Kazuko lit l’Introduction à l’Economie politique
de Rosa Luxembourg, sa mère venère Hugo, Dumas, Musset, etc, ces
aristocrates nippons sont imprégnés de culture occidentale et, à de
nombreux moments, cette imbrication d’une culture ancestrale japonaise
et d’une influence occidentale m’a fait penser à Tanizaki, autre
écrivain nippon époustouflant, comme si la tradition permettait, au
fond, dans cette course déchaînée au progrès, de sauvegarder des valeurs
pérennes mais ce qui est désillusion chez Tanizaki est désespoir chez
Dazaï. Ce choix de Rosa Luxembourg, c’est-à-dire l’espoir d’un monde
autre, la constitution d’un nouvel horizon, la perspective d’une
possibilité de futur, pourrait empêcher le dévalement vital de Kazuko,
il semble que ça le favorise. Je ne saurais en dire plus car je ne veux
pas sous estimer Rosa Luxembourg, je ne l’ai jamais lue, mais je crois
pouvoir affirmer que c’est sans doute le dernier auteur que je lirai,
tant qu’il en existera d’autres, comme Dazaï par exemple.
Pourquoi éprouvé-je cette fascination à la lecture de Soleil couchant ?

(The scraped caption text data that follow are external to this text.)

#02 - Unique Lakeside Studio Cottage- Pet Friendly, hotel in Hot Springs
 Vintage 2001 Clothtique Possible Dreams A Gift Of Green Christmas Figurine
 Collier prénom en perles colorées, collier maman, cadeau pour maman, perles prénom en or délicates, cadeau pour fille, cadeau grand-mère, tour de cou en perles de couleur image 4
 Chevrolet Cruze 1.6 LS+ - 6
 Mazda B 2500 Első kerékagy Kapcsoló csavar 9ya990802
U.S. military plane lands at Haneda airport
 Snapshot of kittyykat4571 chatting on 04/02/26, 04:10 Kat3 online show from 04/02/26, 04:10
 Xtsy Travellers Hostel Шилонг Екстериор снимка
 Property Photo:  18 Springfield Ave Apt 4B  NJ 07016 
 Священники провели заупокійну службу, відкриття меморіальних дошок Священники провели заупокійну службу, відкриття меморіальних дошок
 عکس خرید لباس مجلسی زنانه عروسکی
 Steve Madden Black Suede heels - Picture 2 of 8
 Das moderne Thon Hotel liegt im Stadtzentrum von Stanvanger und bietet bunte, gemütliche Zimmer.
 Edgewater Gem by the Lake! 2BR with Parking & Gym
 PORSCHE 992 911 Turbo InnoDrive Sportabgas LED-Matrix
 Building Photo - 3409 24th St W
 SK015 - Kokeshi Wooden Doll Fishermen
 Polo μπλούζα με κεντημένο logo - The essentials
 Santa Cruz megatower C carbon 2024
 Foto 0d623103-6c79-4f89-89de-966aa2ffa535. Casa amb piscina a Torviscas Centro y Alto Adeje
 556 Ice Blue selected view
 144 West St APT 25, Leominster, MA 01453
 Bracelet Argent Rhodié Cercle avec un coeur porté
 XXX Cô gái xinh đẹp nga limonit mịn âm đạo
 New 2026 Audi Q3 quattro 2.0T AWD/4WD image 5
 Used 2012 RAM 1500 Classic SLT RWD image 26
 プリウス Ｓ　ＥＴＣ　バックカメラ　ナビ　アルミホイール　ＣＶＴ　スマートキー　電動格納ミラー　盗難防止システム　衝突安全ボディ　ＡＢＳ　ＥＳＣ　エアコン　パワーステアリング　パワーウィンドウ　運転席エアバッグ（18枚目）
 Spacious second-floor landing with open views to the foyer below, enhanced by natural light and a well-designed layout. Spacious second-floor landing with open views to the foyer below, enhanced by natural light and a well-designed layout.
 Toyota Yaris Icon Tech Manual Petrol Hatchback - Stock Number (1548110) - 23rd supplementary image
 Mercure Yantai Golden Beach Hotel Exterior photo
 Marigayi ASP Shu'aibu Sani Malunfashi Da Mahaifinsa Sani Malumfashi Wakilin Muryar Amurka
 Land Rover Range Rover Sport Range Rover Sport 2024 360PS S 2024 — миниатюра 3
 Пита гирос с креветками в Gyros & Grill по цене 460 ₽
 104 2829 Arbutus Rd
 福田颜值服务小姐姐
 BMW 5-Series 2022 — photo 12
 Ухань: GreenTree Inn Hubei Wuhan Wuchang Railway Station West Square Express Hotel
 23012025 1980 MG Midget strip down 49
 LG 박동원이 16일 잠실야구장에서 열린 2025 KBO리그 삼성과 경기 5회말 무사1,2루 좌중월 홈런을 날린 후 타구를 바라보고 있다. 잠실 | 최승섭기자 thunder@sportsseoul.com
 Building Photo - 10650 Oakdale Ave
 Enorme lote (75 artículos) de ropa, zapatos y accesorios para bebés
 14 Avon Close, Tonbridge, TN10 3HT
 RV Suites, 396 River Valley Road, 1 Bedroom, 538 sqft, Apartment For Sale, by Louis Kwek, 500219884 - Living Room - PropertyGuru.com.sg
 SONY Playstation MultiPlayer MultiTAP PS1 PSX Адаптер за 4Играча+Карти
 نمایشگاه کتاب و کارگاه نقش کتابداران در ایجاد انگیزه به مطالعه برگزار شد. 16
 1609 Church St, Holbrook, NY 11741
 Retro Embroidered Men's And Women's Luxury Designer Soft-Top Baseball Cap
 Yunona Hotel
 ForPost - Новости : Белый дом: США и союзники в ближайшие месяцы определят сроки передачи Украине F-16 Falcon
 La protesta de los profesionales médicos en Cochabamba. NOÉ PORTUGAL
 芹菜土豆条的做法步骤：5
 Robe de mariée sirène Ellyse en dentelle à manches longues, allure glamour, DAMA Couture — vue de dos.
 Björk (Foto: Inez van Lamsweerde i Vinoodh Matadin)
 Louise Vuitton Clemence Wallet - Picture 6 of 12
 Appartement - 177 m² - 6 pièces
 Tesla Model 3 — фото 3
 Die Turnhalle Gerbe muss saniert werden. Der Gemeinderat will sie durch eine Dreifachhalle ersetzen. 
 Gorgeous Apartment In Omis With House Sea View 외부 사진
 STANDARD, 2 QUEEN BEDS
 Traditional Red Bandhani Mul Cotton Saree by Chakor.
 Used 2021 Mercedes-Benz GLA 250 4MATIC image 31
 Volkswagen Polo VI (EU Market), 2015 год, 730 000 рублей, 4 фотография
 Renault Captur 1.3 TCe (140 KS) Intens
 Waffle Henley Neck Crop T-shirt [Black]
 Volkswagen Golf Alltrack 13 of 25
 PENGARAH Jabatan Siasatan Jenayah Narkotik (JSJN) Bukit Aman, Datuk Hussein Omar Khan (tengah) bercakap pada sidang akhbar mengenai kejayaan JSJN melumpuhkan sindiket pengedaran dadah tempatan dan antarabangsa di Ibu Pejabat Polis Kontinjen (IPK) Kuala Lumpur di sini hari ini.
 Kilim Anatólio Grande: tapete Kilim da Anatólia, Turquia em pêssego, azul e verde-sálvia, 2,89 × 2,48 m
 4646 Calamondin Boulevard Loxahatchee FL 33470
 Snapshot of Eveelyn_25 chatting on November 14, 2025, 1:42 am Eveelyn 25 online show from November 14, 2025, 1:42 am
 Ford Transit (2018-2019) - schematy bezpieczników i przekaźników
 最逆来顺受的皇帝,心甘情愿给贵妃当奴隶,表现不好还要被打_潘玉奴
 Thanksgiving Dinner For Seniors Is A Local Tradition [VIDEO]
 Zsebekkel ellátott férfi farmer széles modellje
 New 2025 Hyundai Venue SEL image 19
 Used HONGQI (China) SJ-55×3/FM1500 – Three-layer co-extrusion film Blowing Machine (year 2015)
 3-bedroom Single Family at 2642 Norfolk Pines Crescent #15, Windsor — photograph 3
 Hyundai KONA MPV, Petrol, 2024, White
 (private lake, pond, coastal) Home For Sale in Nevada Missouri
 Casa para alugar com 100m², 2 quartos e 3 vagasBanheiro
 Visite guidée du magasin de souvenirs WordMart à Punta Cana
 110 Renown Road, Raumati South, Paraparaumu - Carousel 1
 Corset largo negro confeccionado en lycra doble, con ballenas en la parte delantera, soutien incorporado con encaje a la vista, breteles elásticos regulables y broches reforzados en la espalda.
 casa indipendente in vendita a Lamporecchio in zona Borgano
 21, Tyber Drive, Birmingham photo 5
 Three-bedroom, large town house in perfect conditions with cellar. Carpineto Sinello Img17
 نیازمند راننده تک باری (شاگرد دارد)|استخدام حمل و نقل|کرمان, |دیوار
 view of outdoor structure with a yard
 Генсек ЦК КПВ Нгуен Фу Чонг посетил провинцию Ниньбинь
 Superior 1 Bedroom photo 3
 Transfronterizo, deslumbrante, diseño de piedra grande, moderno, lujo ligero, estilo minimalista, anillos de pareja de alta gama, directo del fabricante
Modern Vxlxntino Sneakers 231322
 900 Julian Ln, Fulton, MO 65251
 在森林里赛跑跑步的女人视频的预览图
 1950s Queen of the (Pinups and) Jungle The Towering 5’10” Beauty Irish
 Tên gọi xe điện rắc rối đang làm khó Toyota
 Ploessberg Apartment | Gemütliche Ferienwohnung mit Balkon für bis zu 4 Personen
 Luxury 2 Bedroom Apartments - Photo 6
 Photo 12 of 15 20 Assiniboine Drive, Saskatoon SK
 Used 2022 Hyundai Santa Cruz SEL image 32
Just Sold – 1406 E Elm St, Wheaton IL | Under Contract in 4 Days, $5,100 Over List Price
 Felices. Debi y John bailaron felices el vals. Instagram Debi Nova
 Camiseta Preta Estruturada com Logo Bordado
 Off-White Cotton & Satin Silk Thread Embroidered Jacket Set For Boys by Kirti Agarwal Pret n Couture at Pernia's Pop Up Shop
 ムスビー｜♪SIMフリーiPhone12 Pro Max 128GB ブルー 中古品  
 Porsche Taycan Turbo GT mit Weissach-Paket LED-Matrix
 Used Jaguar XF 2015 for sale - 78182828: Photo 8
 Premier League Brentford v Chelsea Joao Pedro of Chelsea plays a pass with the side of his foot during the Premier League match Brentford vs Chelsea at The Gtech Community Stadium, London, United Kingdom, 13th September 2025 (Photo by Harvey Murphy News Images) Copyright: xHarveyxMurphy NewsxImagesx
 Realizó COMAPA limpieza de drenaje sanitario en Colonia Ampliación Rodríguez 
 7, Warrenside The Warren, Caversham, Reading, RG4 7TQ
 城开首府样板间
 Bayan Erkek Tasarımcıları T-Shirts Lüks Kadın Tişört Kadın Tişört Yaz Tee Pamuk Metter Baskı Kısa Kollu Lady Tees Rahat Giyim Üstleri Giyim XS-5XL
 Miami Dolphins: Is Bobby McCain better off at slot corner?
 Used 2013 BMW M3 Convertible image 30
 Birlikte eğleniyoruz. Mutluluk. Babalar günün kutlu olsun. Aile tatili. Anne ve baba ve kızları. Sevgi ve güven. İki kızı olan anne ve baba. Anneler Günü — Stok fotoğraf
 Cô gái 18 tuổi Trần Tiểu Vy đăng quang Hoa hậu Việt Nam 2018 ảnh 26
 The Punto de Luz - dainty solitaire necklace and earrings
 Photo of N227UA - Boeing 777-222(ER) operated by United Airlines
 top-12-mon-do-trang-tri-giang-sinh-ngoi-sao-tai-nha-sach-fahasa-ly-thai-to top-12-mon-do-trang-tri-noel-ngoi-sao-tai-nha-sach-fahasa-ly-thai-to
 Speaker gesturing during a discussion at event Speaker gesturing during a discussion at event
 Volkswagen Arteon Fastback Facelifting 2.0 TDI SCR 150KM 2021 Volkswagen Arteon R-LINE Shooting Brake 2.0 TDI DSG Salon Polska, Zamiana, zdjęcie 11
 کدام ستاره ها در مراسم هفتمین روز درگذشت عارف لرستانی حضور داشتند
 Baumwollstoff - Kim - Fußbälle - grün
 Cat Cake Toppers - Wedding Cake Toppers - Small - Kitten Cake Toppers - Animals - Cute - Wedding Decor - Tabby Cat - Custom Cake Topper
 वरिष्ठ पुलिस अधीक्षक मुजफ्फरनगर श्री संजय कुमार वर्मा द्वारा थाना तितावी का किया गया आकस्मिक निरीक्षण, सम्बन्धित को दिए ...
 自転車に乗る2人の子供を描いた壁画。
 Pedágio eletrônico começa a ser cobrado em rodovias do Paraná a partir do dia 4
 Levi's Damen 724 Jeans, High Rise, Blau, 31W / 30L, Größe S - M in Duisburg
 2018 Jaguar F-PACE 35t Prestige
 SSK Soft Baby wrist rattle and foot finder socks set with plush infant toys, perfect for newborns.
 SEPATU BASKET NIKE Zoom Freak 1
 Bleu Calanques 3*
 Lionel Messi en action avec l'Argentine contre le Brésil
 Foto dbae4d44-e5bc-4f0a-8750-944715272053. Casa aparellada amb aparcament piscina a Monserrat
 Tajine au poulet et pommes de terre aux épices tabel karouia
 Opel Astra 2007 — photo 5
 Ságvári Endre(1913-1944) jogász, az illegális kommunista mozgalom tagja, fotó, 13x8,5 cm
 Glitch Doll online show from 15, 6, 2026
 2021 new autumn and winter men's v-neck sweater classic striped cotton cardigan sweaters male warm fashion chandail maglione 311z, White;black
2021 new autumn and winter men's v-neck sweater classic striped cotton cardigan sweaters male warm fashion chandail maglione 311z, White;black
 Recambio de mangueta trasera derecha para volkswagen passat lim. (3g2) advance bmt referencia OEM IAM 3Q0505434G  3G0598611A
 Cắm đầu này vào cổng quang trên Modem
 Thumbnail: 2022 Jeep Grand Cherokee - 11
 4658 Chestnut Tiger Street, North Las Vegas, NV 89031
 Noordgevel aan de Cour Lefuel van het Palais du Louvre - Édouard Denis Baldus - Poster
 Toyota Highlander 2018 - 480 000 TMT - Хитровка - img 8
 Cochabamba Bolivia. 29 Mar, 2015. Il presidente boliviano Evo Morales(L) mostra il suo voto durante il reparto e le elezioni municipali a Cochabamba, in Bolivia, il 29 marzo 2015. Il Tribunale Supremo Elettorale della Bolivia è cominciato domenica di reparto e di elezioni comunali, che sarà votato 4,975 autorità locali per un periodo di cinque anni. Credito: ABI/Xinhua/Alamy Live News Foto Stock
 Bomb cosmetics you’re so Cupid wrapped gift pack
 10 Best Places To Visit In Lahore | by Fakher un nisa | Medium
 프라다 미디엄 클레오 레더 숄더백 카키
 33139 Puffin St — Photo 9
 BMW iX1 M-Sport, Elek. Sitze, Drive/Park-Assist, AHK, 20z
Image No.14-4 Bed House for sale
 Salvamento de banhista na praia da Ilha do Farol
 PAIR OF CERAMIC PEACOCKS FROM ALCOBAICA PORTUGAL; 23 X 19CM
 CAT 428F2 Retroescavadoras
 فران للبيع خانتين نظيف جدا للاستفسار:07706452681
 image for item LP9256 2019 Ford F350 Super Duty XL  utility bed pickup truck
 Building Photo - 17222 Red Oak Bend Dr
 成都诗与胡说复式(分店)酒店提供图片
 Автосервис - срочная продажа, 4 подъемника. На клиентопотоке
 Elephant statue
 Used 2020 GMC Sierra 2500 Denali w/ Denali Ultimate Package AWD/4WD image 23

Serais-je sensible à l’orgueil blessé des vaincus (eux au moins portent
la douleur et la punition du sang versé) plus qu’à la stupide vanité ou
au bon droit des vainqueurs ?
Naoji, qui ne se résigne pas à vivre,
se décide à mourir, refaire le Japon, oui, peut-être, mais sans lui, ça
ne l’intéresse pas, il préfère la compagnie des fantômes, et le refuge
des temps anciens, même si sa famille, son histoire ne le concernent
guère, il laisse une lettre à sa sœur, comme un adieu, elle finit par
ces mots :
Je n’ai aucun motif d’espérance. Au revoir.
…..
La nuit s’achève, le ciel s’éclaire. je t’ai fait souffrir longtemps.
Au revoir. Mon ébriété d’hier soir est entièrement finie. Je mourrai sobre.
Ici, le précèdent propriétaire du
livre, sans doute spécialiste comme moi de l’ivresse, a barré le mot
" sobre " et l’a remplacé par le mot " à jeun ", il a raison, la
sobriété est un état plutôt permanent qui s’applique mal au cas d’un
arrêt d’alcoolisation d’un jour (je sais ce que je dis !), le traducteur
a eu une faiblesse passagère, tiens, je me rends compte qu’il y a deux
traducteurs, Hélène de Sarbois et G. Renondeau, à qui il faut rendre
hommage, ils n’ont hoqueté que sur l’ivresse.
Une fois encore, au revoir.
Kazuko.
Je suis un aristocrate.
Osamu Dazaï, dans son puissant constat
de l’impossibilité d’une vie acceptable, est mort comme ses héros,
d’une manière folle, avec l’élégance, dans la déchéance, d’un prince à la tour abolie.
Bon ! Comme moraliste on fait mieux, mais comme écrivain, peu sont de sa race.
Peu de temps après ce livre on trouva
son cadavre dans un barrage. C’était en 1948. Il avait trente-neuf ans.
Lui aussi était un aristocrate.
Il a suffi des quelques pages de Soleil Couchant pour connaître l’intensité de son désespoir et la splendeur de sa littérature.